森友疑獄の国会証人喚問は与党の丸腰ぶりと戦略の拙劣さをただただ見せつけるだけに終わったように見えます。今後どのように事態が推移するか、見守るしかありませんが、こういう能無しぶりと「教育勅語」は浅からぬ関係にあります。
今回は少し脱線して、健全な対抗勢力、批判的知性がいかに大切か、というお話をいたしましょう。
米国における二大政党制が端的と思います、カウンターカルチャー同士が互いに妍(けん)を競って、より優れた行政であれ司法であれ、立法であれ文化であれ、育てていくのが本来の形と思います。
で、現下の日本の情けないモノポリぶりはどうでしょう?
メディアを統制して一元化するといった拙劣は、悪事の隠蔽などには適していますが、真の意味での強さを生み出すのとは正反対、あまやかされ、スポイルされて、本当の実力は身につけ損なった2世3世が考えるインチキの典型と言わざるを得ません。
そんなお飾りばかり、ひな壇に並べて、軽い神輿は担ぎやすい、というのも情けない話であって、結局そういう組織の内在論理、端的に言って腐敗と空洞化、どこかの市場の地下空間みたいな国にしてしまったから、こんなお粗末な体たらくになっている。
「肝の据わった反骨はないものか?」という現実を、近代日本に求めるとき「親藩・幕臣」あるいは「土佐・肥前」といった<負け組>の強烈な批判的知性が浮かび上がってくるのです。
一橋・東工大~カウンターインテリジェンスの系譜
話が突然変わるようですが、東京大学が官学の最たるものだとして、京都大学が批判的知性に見えることがありませんか?

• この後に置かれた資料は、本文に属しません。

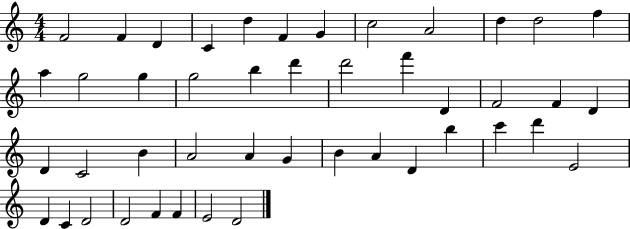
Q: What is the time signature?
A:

ノーベル賞も初期は京大ばかりで、自由な知性を印象づけた面があります。
また、東大、京大などの「七帝」(北海道・東北・東京・名古屋・京都・大阪・九州)が「官学・帝大」であるのに対して、東京工業大学や一橋大学が、これらに対抗する批判的知性として、鮮やかな切れ味を見せることがないでしょうか?